Many legal arguments are wholly concerned with establishing definitions, especially in those cases which deal with statute law. The recent decisions of the Supreme Court of the United States in the Corporation Tax cases and the Standard Oil Case are examples: in each of these what was at issue was the exact meaning of the words used in certain statutes passed by Congress. In the common law, too, there are many phrases which have come down from past centuries, the meanings of which have been defined again and again as new cases came up. We have seen (p. 63) how careful definition the word “murder” may need. “Malice aforethought” is another familiar instance: it sounds simple, but when one begins to fix the limits at which sudden anger passes over into cool and deliberate enmity, or how far gone a man must be in drink before he loses the consciousness of his purposes, even a layman can see that it has difficulties.
In such cases as these a dictionary definition would be merely a starting point. It may be a very useful starting point, however, as in the following extract from an article by Mr. E.P. Ripley, president of the Atchison, Topeka, and Santa Fe Railway Company, on “The Railroads and the People”:
There is one point regarding this matter that many forget: this is that in all affairs there are two kinds of discrimination.

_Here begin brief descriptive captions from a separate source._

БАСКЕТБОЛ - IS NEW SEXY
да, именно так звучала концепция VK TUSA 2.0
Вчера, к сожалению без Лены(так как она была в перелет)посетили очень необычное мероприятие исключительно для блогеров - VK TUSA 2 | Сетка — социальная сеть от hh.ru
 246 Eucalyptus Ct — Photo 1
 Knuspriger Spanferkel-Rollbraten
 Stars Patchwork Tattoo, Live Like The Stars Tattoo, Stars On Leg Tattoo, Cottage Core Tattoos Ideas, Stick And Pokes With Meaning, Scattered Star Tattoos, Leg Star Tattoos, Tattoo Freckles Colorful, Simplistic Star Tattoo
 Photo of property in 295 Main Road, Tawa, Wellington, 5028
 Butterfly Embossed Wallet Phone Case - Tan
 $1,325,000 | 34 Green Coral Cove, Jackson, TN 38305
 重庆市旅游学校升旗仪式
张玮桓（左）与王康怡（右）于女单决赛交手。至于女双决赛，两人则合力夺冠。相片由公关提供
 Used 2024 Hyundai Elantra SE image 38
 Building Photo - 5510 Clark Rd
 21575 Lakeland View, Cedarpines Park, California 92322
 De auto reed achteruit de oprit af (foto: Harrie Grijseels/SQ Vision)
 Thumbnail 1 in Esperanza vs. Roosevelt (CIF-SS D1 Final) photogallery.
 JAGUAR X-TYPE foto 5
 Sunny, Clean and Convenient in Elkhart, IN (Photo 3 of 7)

There is the kind, which, as the dictionary expresses it, “sets apart as being different,” which “distinguishes accurately,” and there is the widely different kind which “treats unequally.” in all ordinary affairs of life we condemn as “undiscriminating” those who have so little judgment or fairness as not to “distinguish accurately” or “set apart things that are different”—who either treat equally things that are unequal, or treat unequally things that are equal. Now, when the railway traffic manager “sets apart things that are different,” and treats them differently, he simply does what it is the duty of every one to do.[56]
Then he goes on to develop this definition by showing the facts on which it has to bear.
On the other hand do not bore your readers with dictionary definitions of words whose meaning no one doubts; that is a waste of good paper for you, and of good time for them; and we have seen in Chapter II the futility of the dictionary for cases in which there is real disagreement over the meaning of a word.
It will be seen, then, that the analysis you have made in preparation for the brief may spread out large or small in the argument itself. It is wise, therefore, to look on the work done for the introduction to the brief as work done largely to clear up your own thought on the subject; when you come to writing out the argument itself, you can go back to the introduction to the brief, and see how much space you are now going to give it.